Örneğin, Sevigen özellikle CHP'li Bülent Tezcan'ın oğlu, kızı, gelini ve akrabalarının Kuşadası Belediyesi başta olmak üzere pek çok yerde görev almasını sert bir dille eleştiriyor ve "Bunu Bülent Tezcan'a yakıştıramadım" diyor. Bu tür yaklaşımların, partinin hem kurumsal kimliğine hem de halktaki güvenilirliğine zarar verdiğini açıkça dile getiriyor.
Sevigen'in çıkışı, aslında buzdağının görünen kısmıdır. CHP'nin tabanında büyük bir rahatsızlık, büyük bir kırılma vardır. Çünkü halk, menfaat ilişkilerini, nepotizmi, kayırmacılığı görüyor ve tepkisini sandıkta göstermek üzere sabrediyor.

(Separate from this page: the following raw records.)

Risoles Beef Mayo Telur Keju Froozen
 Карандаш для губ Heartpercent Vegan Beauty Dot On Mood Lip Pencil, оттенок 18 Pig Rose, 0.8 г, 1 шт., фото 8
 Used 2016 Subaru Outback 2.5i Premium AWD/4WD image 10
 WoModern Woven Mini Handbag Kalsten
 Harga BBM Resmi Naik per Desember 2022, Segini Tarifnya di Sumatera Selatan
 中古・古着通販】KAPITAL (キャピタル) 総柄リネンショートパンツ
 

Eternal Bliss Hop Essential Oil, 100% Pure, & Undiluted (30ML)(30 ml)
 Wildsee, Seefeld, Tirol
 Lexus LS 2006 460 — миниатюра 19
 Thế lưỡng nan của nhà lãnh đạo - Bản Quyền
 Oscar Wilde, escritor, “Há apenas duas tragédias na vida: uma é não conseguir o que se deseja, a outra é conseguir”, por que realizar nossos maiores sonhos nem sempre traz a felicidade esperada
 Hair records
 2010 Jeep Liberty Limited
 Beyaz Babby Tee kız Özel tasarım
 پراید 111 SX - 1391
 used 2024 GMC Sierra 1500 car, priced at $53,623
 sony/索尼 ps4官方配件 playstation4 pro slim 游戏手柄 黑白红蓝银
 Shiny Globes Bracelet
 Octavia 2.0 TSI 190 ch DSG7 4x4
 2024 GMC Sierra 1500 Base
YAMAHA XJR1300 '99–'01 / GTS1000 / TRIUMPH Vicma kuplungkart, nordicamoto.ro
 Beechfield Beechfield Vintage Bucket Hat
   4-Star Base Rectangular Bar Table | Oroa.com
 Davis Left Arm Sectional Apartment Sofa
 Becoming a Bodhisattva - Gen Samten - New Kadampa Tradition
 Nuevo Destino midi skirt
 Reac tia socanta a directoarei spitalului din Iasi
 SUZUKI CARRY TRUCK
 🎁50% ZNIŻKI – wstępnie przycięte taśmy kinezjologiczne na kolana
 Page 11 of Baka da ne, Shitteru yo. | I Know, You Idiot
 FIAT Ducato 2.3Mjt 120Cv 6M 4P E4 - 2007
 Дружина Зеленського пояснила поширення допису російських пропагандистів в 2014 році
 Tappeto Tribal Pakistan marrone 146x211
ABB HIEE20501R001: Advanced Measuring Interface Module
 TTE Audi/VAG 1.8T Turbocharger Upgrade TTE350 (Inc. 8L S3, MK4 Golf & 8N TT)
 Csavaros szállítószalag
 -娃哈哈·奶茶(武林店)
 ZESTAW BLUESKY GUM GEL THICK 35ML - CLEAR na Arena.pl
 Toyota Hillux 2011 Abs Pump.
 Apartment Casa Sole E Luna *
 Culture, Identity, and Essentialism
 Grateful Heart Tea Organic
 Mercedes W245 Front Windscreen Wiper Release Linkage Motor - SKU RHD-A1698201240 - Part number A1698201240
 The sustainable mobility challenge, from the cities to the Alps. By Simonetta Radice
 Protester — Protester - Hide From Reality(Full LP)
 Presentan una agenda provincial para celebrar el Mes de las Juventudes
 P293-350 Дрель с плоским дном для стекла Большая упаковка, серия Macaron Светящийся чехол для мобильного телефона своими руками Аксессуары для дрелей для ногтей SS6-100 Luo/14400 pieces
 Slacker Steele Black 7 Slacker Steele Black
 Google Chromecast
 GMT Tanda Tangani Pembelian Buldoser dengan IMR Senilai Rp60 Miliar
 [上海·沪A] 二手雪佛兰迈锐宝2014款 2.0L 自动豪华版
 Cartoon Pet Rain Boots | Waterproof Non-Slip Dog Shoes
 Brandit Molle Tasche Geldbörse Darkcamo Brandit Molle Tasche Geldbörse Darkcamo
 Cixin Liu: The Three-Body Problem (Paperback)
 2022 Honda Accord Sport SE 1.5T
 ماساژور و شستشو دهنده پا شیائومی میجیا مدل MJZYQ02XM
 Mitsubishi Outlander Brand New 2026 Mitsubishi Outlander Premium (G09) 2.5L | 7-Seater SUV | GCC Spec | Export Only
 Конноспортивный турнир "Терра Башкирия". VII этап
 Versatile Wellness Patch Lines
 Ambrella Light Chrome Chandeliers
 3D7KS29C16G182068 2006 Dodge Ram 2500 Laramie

CHP'nin önünde tarihi bir yol ayrımı vardır:
Ya yeniden halkın partisi olacak, dürüstlük ve şeffaflığı esas alacak…
Ya da kişisel çıkarların ve akraba düzeninin kurbanı olup tarihe yenik düşecek.
Mehmet Sevigen'in söylediği gibi, bugün de yarın da CHP'nin kurumsal yapısını korumak adına eleştirilerini sürdürecektir. Çünkü CHP, bu ülkenin geleceği için çok değerlidir; ama değerini yitirmesi, yanlış kişilerin elinde ziyan olması işten bile değildir.
Ve son söz: CHP, eğer bu uyarılara kulak vermezse, gerçekten de "Parti Dallasa dönmüş, at izi it izine karışmış" bir kaosun içinde kaybolup gidecektir.